Task details:
Write the records out again without change. Leave the pictures behind.

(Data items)

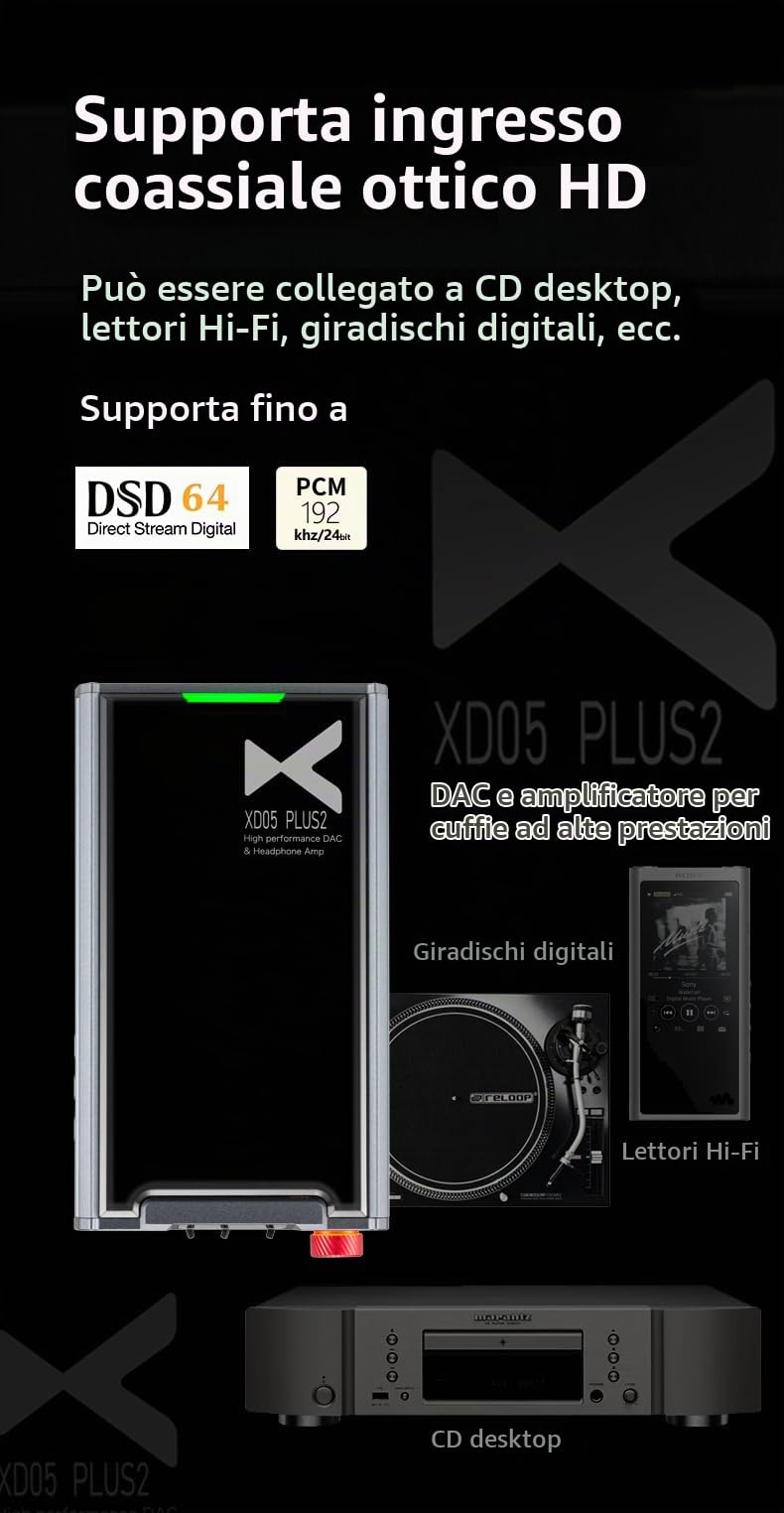 XDUOO XD05 Plus2 Amplificatore per cuffie portatile ad alta fedeltà DAC Bluetooth 5.1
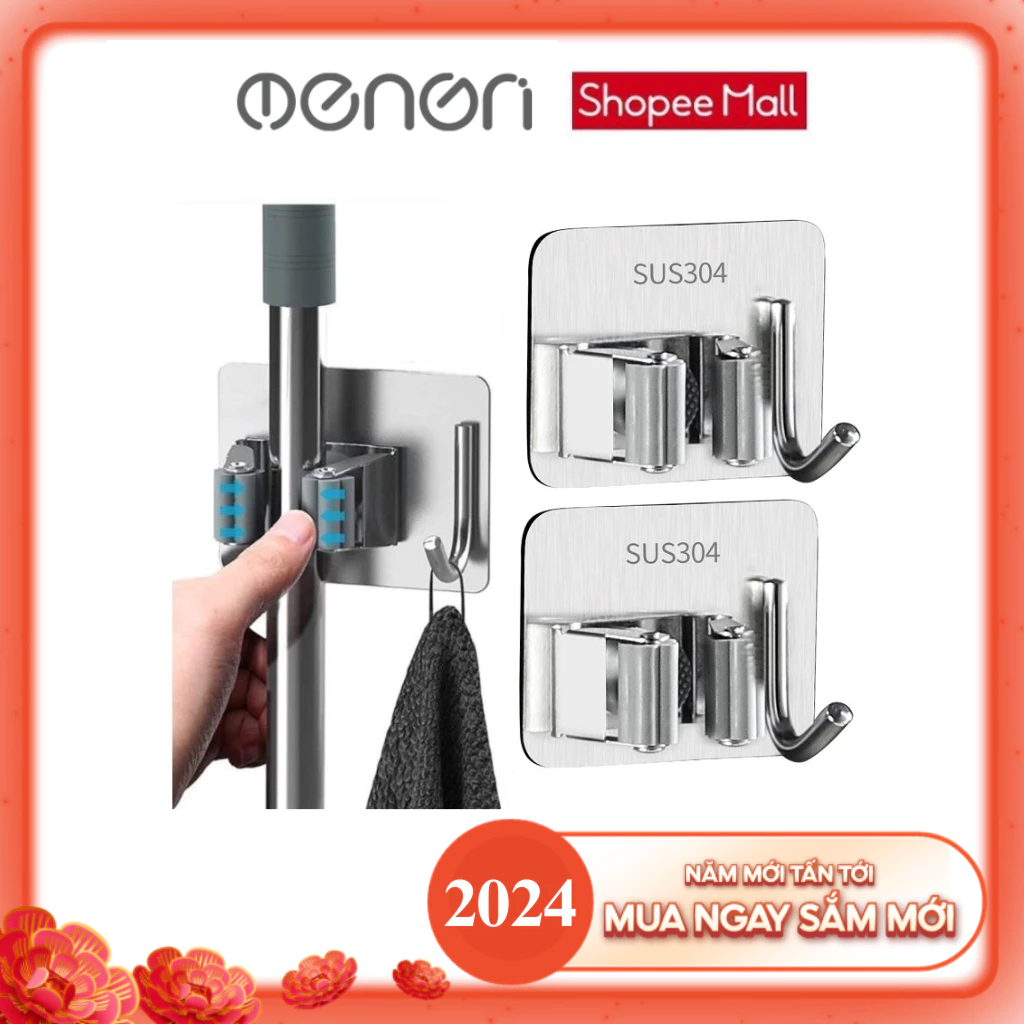 Móc Treo Cây Lau Nhà INOX304 Dán Tường Không Cần Khoan Vô Cùng Tiện Lợi - OENON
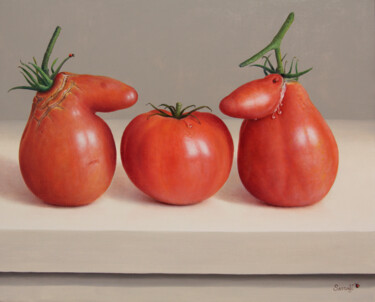 Painting titled "Trio tomates !" by Reza Sarrafi, Original Artwork, Oil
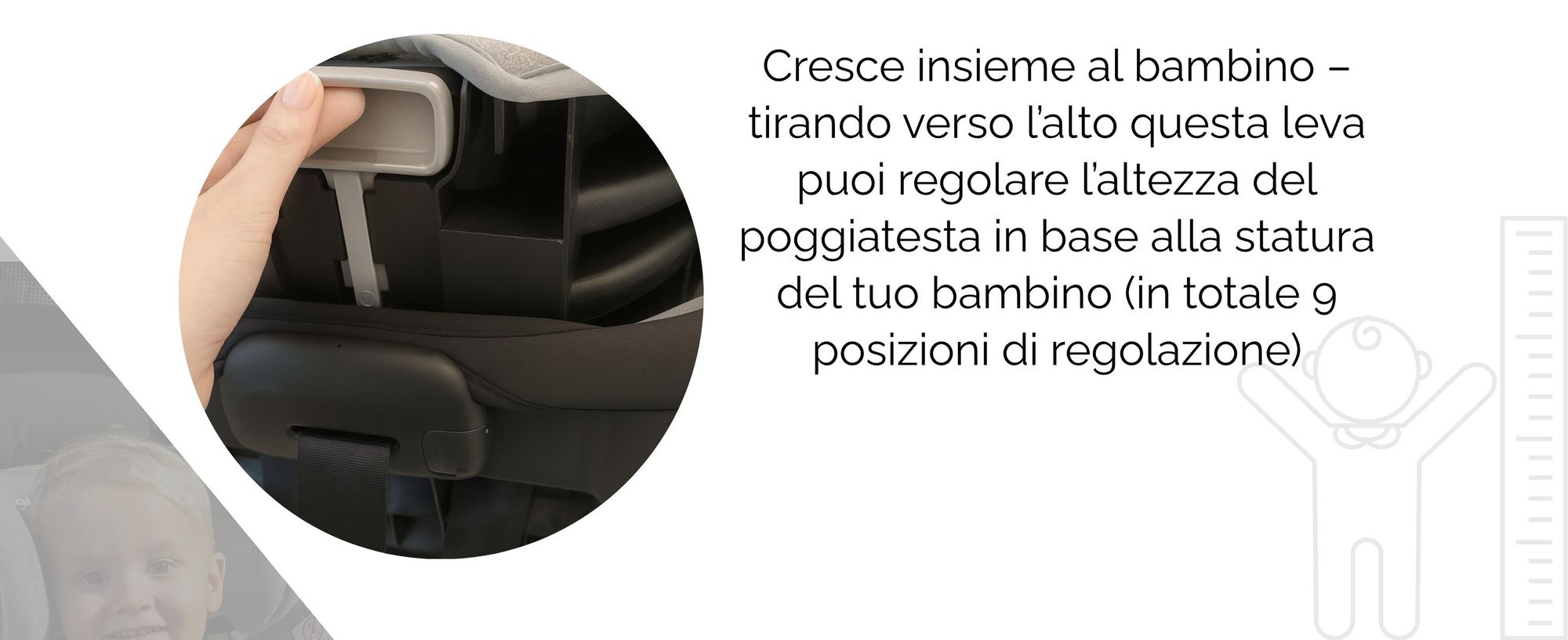 KidsZone Seggiolino Auto 0-36 kg Isofix Girevole 40-150 cm i-Size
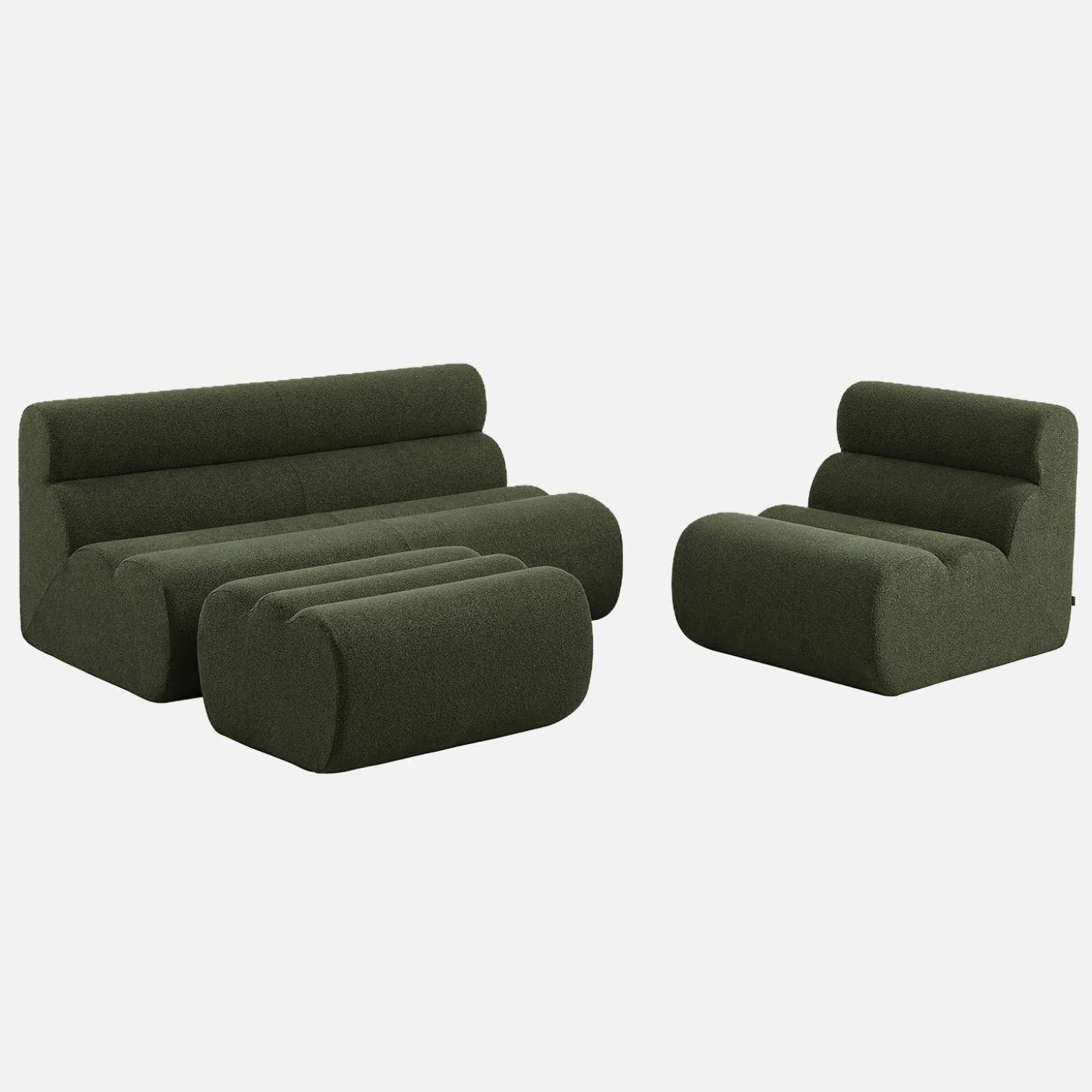 2-Sitzer-Sofa mit Sessel und Hocker, strukturierter Bouclé-Bezug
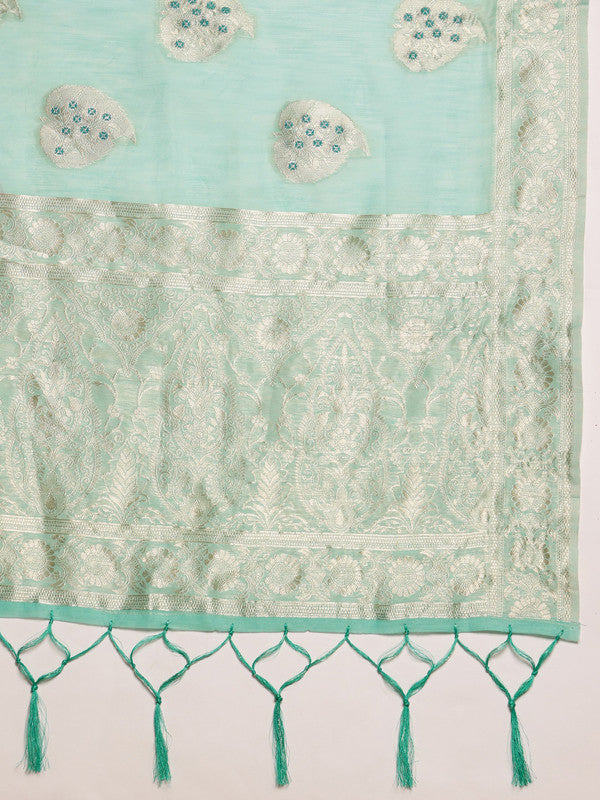 Turquoise Linen Floral Saree with Woven Thread Detail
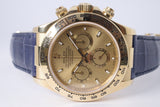 ROLEX YELLOW GOLD DAYTONA CHAMPAGNE DIAL ON LEATHER STRAP 116518 $27,975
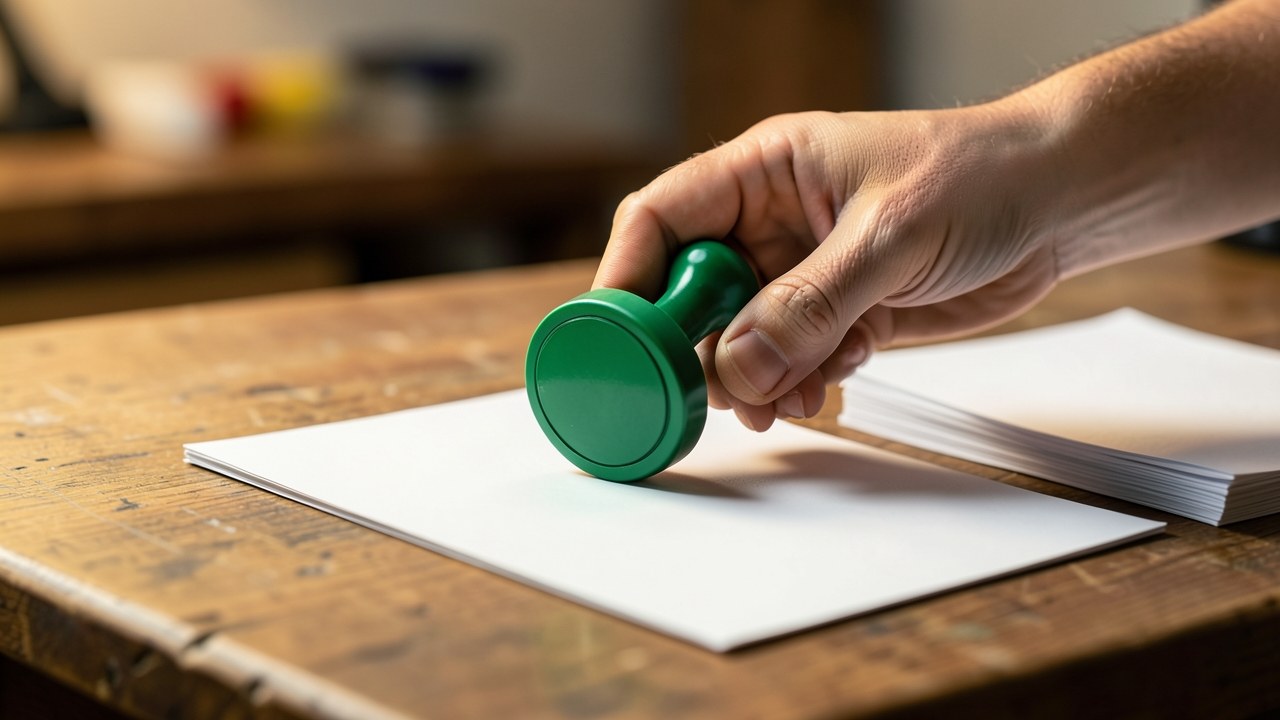 A hand placing a stamp that says pre-approved on a pile of papers, representing loan forgiveness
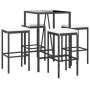 Garden table and high stools 5 pieces and black PE rattan cushions by vidaXL, Garden sets - Ref: Foro24-3187632, Price: 226,9...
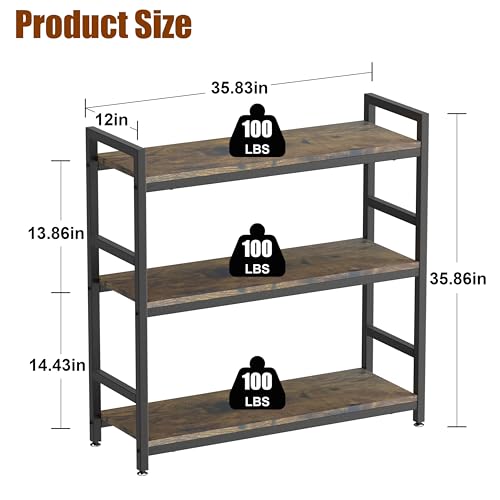 3-Tier Industrial Bookshelf，36" x 12" x 36" | Wood and metal frame, 360° adjustablefeet, waterproof, scratch-resistant, easy assembly, for home/office, 100lbs/tier.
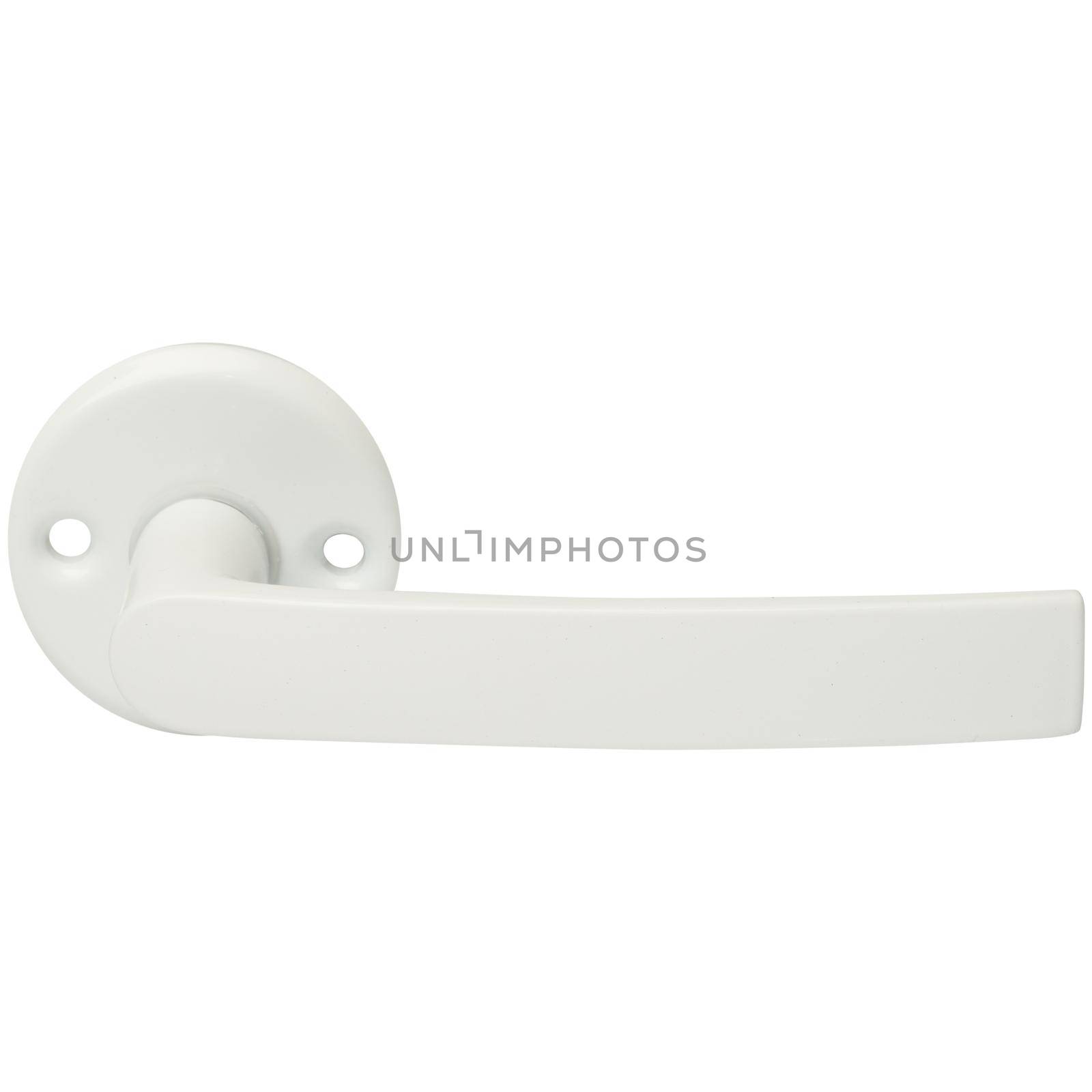 Simple white door handle isolated on plain background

Output for this task:
 XDUOO XD05 Plus2 Amplificatore per cuffie portatile ad alta fedeltà DAC Bluetooth 5.1
 Móc Treo Cây Lau Nhà INOX304 Dán Tường Không Cần Khoan Vô Cùng Tiện Lợi - OENON
 Painting titled "Trio tomates !" by Reza Sarrafi, Original Artwork, Oil
 KidsZone Seggiolino Auto 0-36 kg Isofix Girevole 40-150 cm i-Size
 2-Sitzer-Sofa mit Sessel und Hocker, strukturierter Bouclé-Bezug
 Turquoise Linen Floral Saree with Woven Thread Detail
 ROLEX YELLOW GOLD DAYTONA CHAMPAGNE DIAL ON LEATHER STRAP 116518 $27,975
 A hand placing a stamp that says pre-approved on a pile of papers, representing loan forgiveness
 Garden table and high stools 5 pieces and black PE rattan cushions by vidaXL, Garden sets - Ref: Foro24-3187632, Price: 226,9...
 3-Tier Industrial Bookshelf，36" x 12" x 36" | Wood and metal frame, 360° adjustablefeet, waterproof, scratch-resistant, easy assembly, for home/office, 100lbs/tier.
 Simple white door handle isolated on plain background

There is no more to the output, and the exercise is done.